Manouche secondo la Bellucci
Monica Bellucci: Questo ruolo per me è stato un regalo. Manouche è una donna molto femminile e allo stesso tempo molto forte perché viene dalla strada ed è cresciuta in un mondo di gangster. È un'anima che piange, ha una coscienza, ma non può fuggire da quel mondo malavitoso perché ne fa parte. Si è tinta bionda (e lo abbiamo voluto rimarcare con la ricrescita visibile) perché si è voluta rifare un'immagine, se l'è costruita per difendersi dalla strada. Manouche vuol dire gitana ed è il nome che le ha dato il suo primo grande amore, Paul, ma lei finge di essere una donna borghese. Farebbe qualsiasi cosa per l'uomo che ama, ma l'istinto di sopravvivenza la spinge verso colui che può proteggerla meglio. È una donna matura che ha avuto tanti uomini ma non ha nessun figlio, come se si fosse negata di avere un figlio di cui non sapeva chi sarebbe stato il padre. Vive negli anni '60 e anche se è molto forte non ha i diritti che hanno le donne oggi. Lei non può stare senza un uomo al suo fianco. È un tipo di donna che oggi non esiste più. Ne Le Deuxième souffle è al centro di una storia dominata dagli uomini e il look mi ha aiutata a creare il ruolo. Per interpretare questo ruolo mi sono ispirata a tutte le bionde del mondo, quelle attrici francesi che mi hanno fatto sognare, come Brigitte Bardot o Catherine Deneuve, e a Lauren Bacall ne Il grande sonno. Ciò nonostante, se faccio questo mestiere è grazie ad Anna Magnani, Sophia Loren, Gina Lollobrigida, Silvana Mangano. Sono state le brune a ispirarmi.

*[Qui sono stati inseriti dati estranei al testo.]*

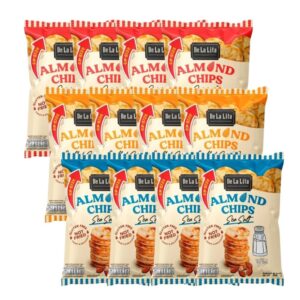 [ยกลังซองใหญ่] ALMOND CHIPS 52 กรัม ขนมอบกรอบอร่อย แคลต่ํา ไม่ทอด เจ วีแกน De La Lita เดอลาลิต้า อัลมอนด์ชิปส์ ขนมคลีน คละรส,12 ซอง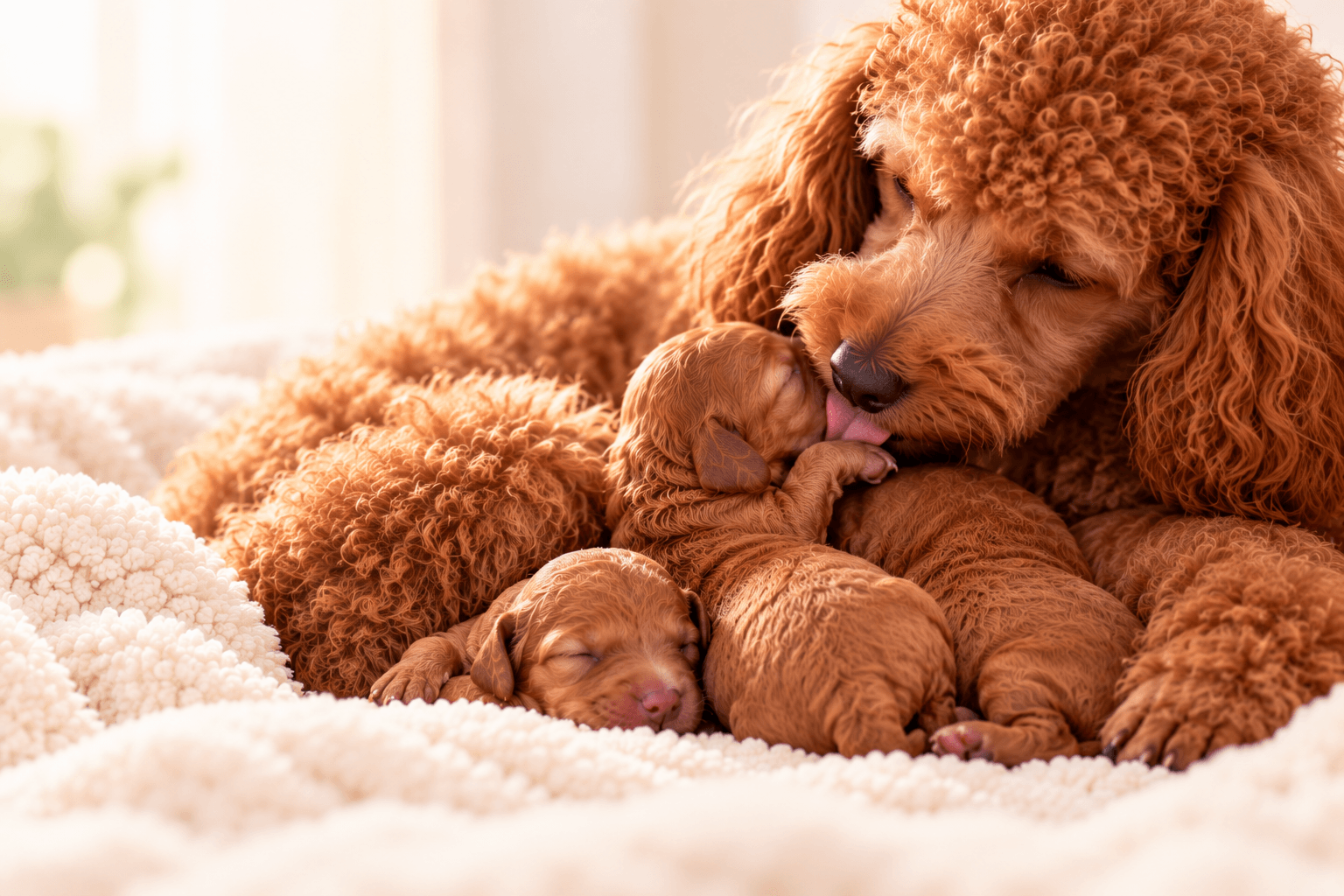 Tender Poodle Mother and Newborn Puppies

Personaggi ispirati alla realtà e i codici d'onore
Alain Corneau: Tutti i personaggi dei libri di José Giovanni sono esistiti realmente, lui li aveva conosciuti, alcuni erano evasi dal carcere, altri avevano commesso omicidi, ma è ovvio che lui li aveva descritti in maniera diversa. Diceva sempre: "Quello che mi interessa è costruire una realtà tragica con un codice d'onore". Credo che ai tempi non fosse così difficile che tra i gangster ci fosse questo codice d'onore, il rispetto per la parola data. È vero però che con gli anni la malavita si è molto trasformata, forse anche a causa degli stupefacenti, dei grandi traffici. Per prepararmi a questo film ho assistito a molte inchieste poliziesche e ho visto come si comportano oggi i malviventi. Basta che gli metti le manette e quelli iniziano a tirare fuori i nomi, denunciando amici e parenti. La droga ha cambiato moltissime cose, ha fatto scomparire codici che in un'epoca passata esistevano realmente. Codici eterni che ci riguardano tutti, come la moralità e la lealtà. Forse è per questo che nei film polizieschi si dice spesso che una volta era meglio...

Il noir
Alain Corneau: Amo il noir perché si tratta di un corpus collettivo. Ci possiamo sentire artigiani all'interno di un gruppo che va verso la stessa direzione. Il cinema hollywoodiano e quello asiatico hanno fatto molto per questo genere. Penso a De Palma o a Scorsese di cui l'ultima opera cinematografica è proprio un remake di un film hongkonghese. Non dimentichiamoci però che la parola noir è francese. Infatti gli asiatici riconoscono il loro debito con Melville.